What you have to do ▸
Return all entries precisely as they stand, without the images.

Supplied records ▸
Start of Block
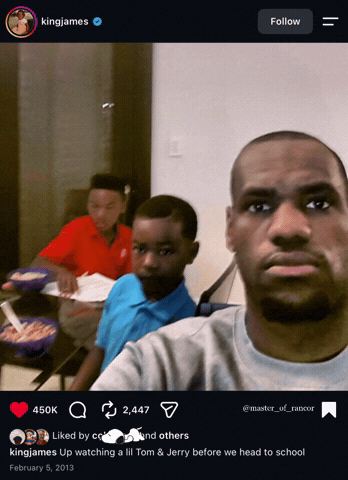 Lebron James Selfie GIF
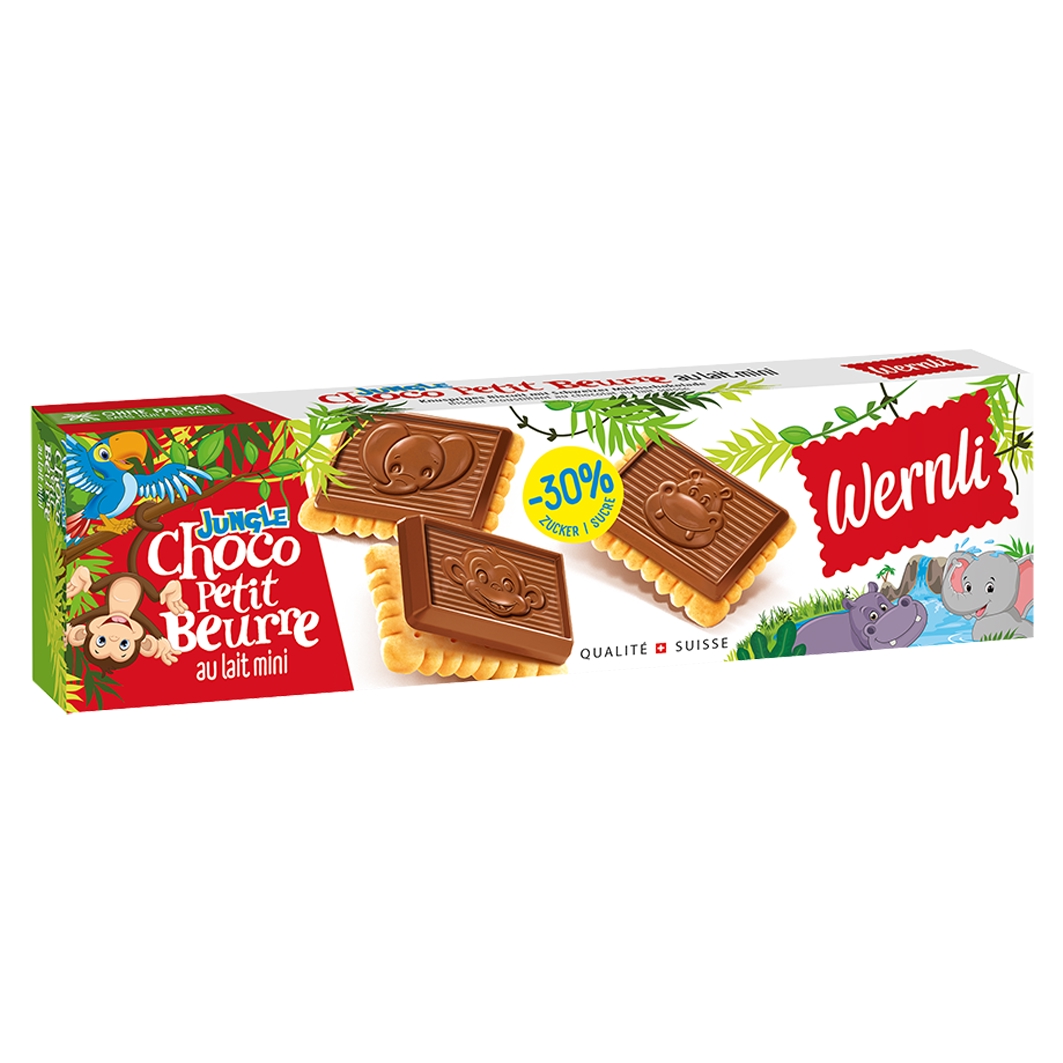 Wernli Jungle Choco Pt.Beurre 125g
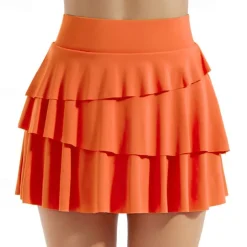 Women's Yoga Shorts High Waist Yoga Gym Workout Pilates Shorts Black Fuchsia Orange Sports Activewear Stretchy Slim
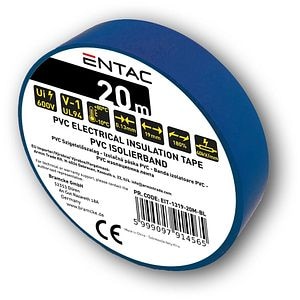 Banda izolatoare, 19 mm x 20 m, albastru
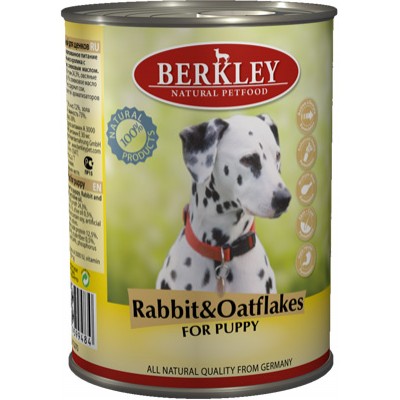 Беркли конcсервы для собак Кролик с овсянкой 400гр. (75072/P12198)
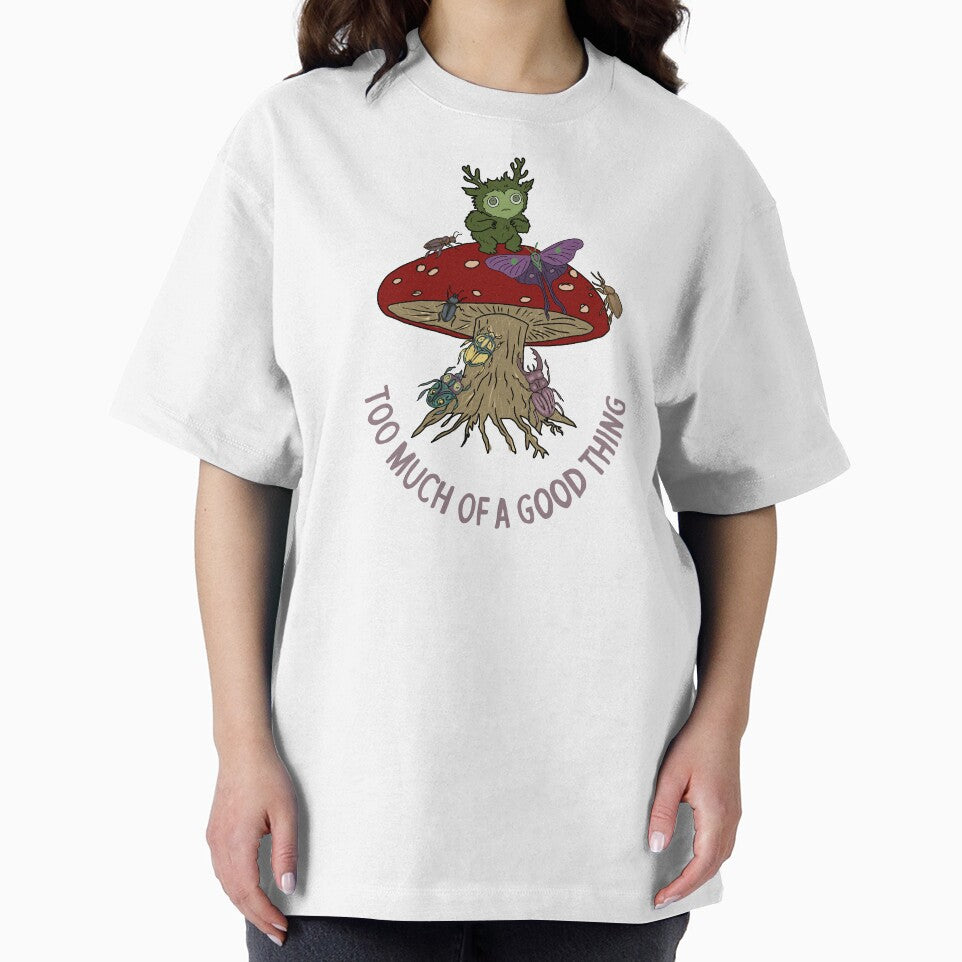 Forest Spirit on Fly Agaric Mushroom Folk Art Graphic by LeshanArt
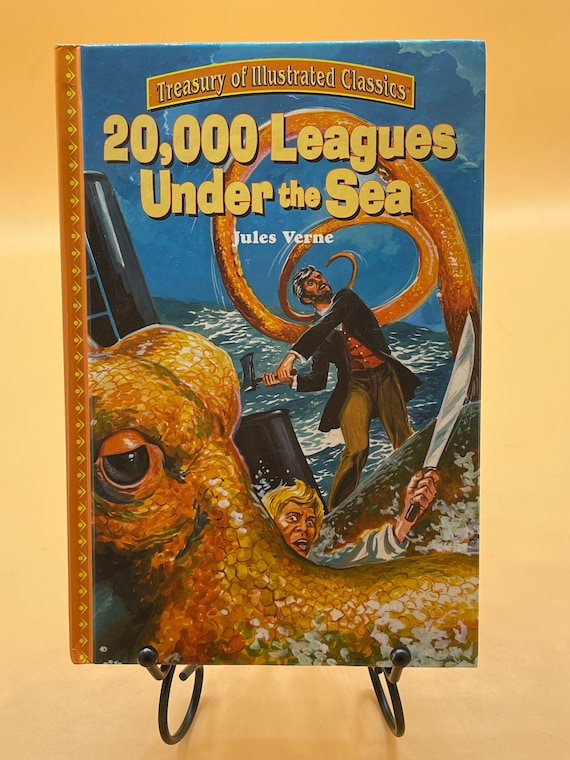 Childrens Books 20,000 Leagues Under the Sea by Jules Verne adapted for young readers gift books for kids classic literature storybooks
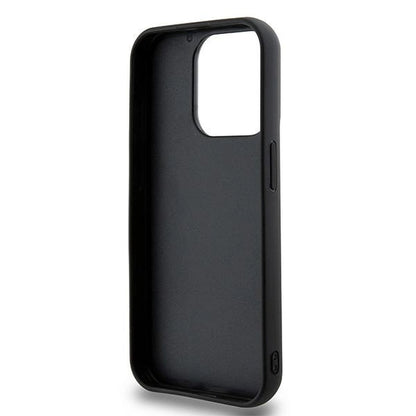 DKNY 3D Rubber Repeat Pattern case for iPhone 15 Pro - black_6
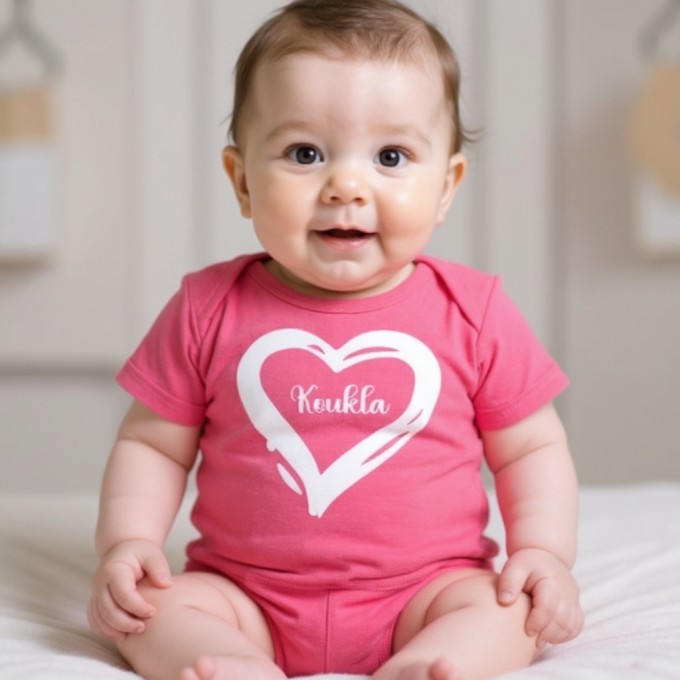 Koukla Greek Baby Girls Onesie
End of Block
Exercise output ▸
 Lebron James Selfie GIF
 Wernli Jungle Choco Pt.Beurre 125g
 Women's Yoga Shorts High Waist Yoga Gym Workout Pilates Shorts Black Fuchsia Orange Sports Activewear Stretchy Slim
 Banda izolatoare, 19 mm x 20 m, albastru
 Беркли конcсервы для собак Кролик с овсянкой 400гр. (75072/P12198)
 Forest Spirit on Fly Agaric Mushroom Folk Art Graphic by LeshanArt
 Childrens Books 20,000 Leagues Under the Sea by Jules Verne adapted for young readers gift books for kids classic literature storybooks
 DKNY 3D Rubber Repeat Pattern case for iPhone 15 Pro - black_6
 Koukla Greek Baby Girls Onesie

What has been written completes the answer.